7 CALIFORNIA, MAY 2012

In her room above the pool, curtains drawn, Mu lies in a crumpled mess of sheets. Her body is still damp and she is shivering. Her bowels ache. Her lips are mouthing something, but she cannot quite hear what she’s saying. For a few moments it’s as if she is not in her body. When the evening arrives, she sits up on her bed, rests her diary on her damp, bare knees and writes.

Better not to inhabit your body at all. Bodies let you down, bodies are vulnerable. Lying in my darkened room I remembered how that sense of vulnerability first came to me. An image pierces me now, twisting the knife already in my gut.

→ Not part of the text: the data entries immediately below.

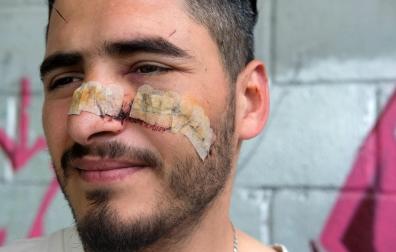 Amin sufrió un corte de ocho centímetros con una profundidad hasta el hueso del pómulo.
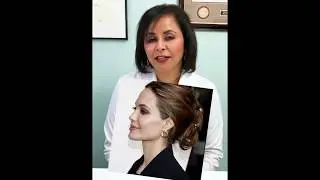 Jaw + Chin Contouring w/ Fillers | Dr. Usha Rajagopal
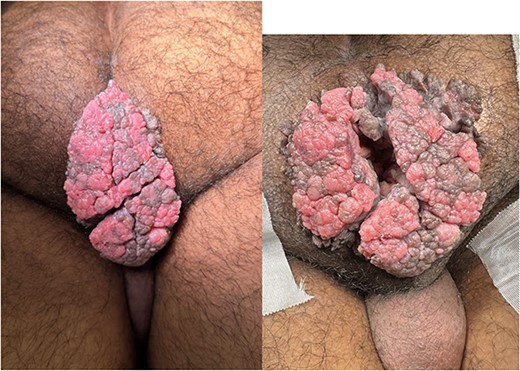 Posterior view of the anogenital region with an exophytic vegetative lesion measuring ~9 × 7 cm.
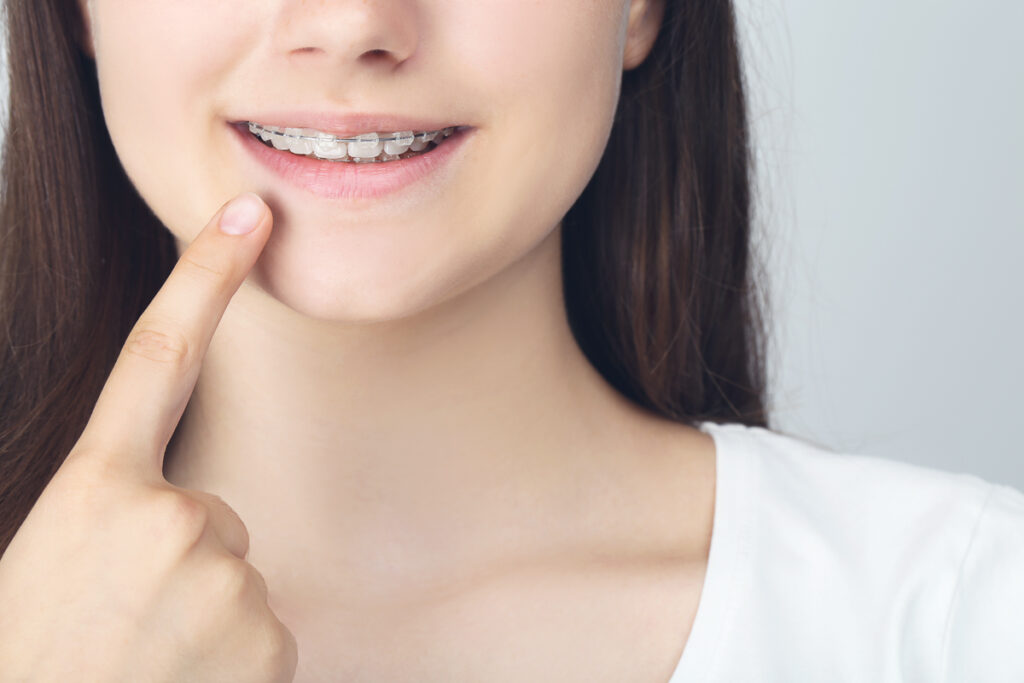 Young Girl Pointing on her Teeth - Soft Foods for Braces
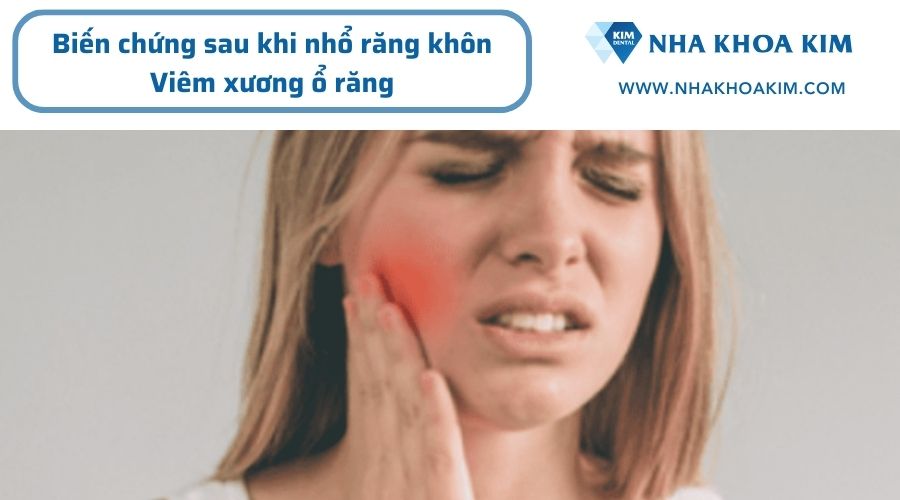 Biến chứng sau khi nhổ răng khôn mọc lệch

It’s an old image that always seems to be lurking in the back row of the theatre of my mind, an image from years ago, from when I was nine or ten years old in my home town. A big, rough hand creeping up my skirt in the dark. I could not cry out, nor run away: the large man, with his dumb face, had me cornered in the village cinema. I trembled in the dark while the screen flickered with sound and pictures. I managed to escape momentarily, hiding myself in the space behind the stage curtains. And just when I thought I would be safe, he found me and trapped me again. His groping hand snatched me to him and found my lower body. I never dared tell my parents and I thought I had forgotten it, but now it’s all come back to me here in America.

Fuck me. Even in the Palm Oasis Hotel. How could I let that animal-fool take me in that way? The pain in my bowels shoots up to fizzle and crackle in my jaw. That cockroach man, that machine with a cock, made me feel like a worthless hole. When all is said and done, when I look beneath the smooth exterior, the charming manners, the good looks, the well-dressed ease, the Harvard degrees, you just get fucked. Taken. The fucking-machine takes over.

What can I do here? I am an alien in an alien land, and now it’s made me alien to myself. My body isn’t even mine either. My body makes me feel disgusted.